A Flor de Piel, the new album from Colombian artist Montañera, cultivates clarity from communion. You can hear blunted traces of the country’s folk music across the record, but “Como Una Rama” is one of the album’s clearest summonings. At first, only her elastic vocals hang in the air, stretching and sprawling into the thickness of the atmosphere. Her voice starts reverberating into echoes, as if a chorus of ancestral spirits have joined her. Here, Montañera sings in the tradition of bullerengue, a folk style of music and dance developed by maroon communities (enslaved Africans who escaped bondage and formed their own settlements) on the Caribbean coast of her homeland. Before long, her voice short-circuits, glitching into ripples of fuzz, like a spotty radio transmission. All that’s left in the haze is the steadfastness of her voice.
A Flor de Piel transmits centuries of cultural memory, but the hissing electronics and serene synth arrangements transform the music into more than mere homage. The album chronicles stories of rebirth, transformation, and self-discovery, often via the purifying and regenerative motifs of water and flora. But even though María Mónica Gutiérrez’s journey is personal, her muted interpolations of folk styles suggest there is abundant knowledge in community-based traditions. A Flor de Piel is not just a sublime example of folkloric reinterpretation; it’s also a treatise on the liberatory gestures that are possible when you reimagine musical genealogy. In Montañera’s fluid chronal continuum, folk music isn’t an ancient artifact, but a living, breathing entity that was always meant to free us.

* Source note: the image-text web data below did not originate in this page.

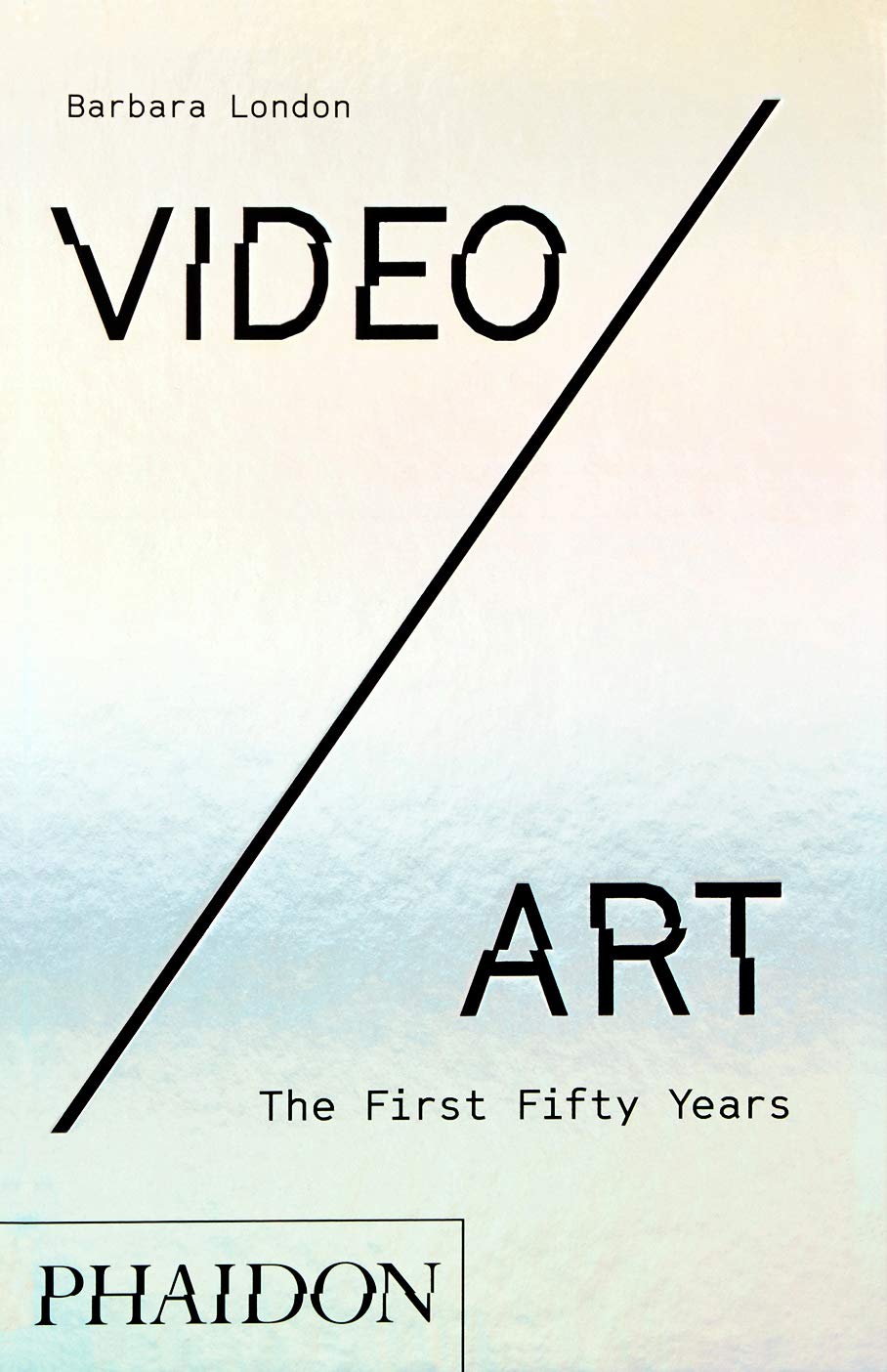 Algopix Similar Product 11 - Video/Art: The First Fifty Years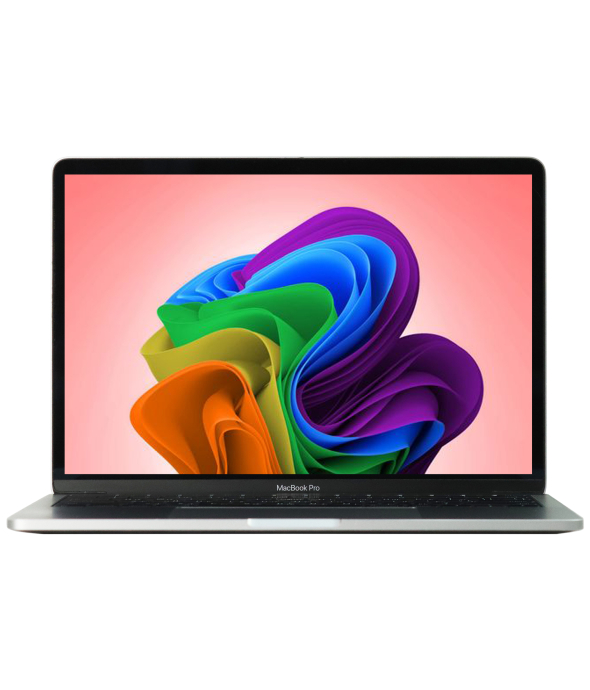 Ноутбук 13.3&quot; Apple MacBook Pro Late 2016 Retina A1708 Intel Core i5-6360U 8Gb RAM 256Gb SSD NVMe 2xThunderBolt Space Gray - 1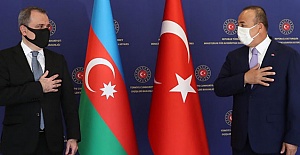 Türkiye-Azerbaycan arasında yeni dönem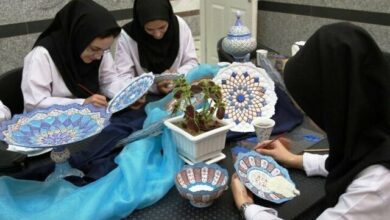 ایجاد کسب و کارهای خانگی در قالب تعاونی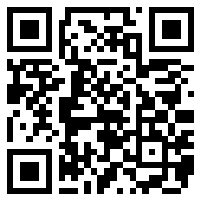 QR Code for bitcoin:3NXfaJoxeGTSWbHbFbn8eiXTRX3rX2KsYC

Take “Santa Mar,” which features Cankita (from the group Bejuco) and Las Cantadoras de Yerba Buena, a group of traditional musicians from Colombia’s Pacific coast, led by women from Tumaco. The track is an offering to an aquatic deity whose holy water possesses cleansing and life-giving properties. On it, speckled marimbas de chonta and orotund vocals, sung in the style of currulao, are shepherds for cycles of life and death. A repeated chant renders the practice of singing as a conduit for renewal: “Listen to my song, which comes and goes from the water/Wetting the earth so that new life may grow.” While pursuing her master’s degree, Gutiérrez studied vocal traditions from the Colombian Pacific coast, investigating how singing can be a tool for peace-building in the aftermath of violent conflict. Though other songs on A Flor de Piel only gesture at this kind of healing, in its lyrics, “Santa Mar” is a literal declaration of folk music’s curative capacities.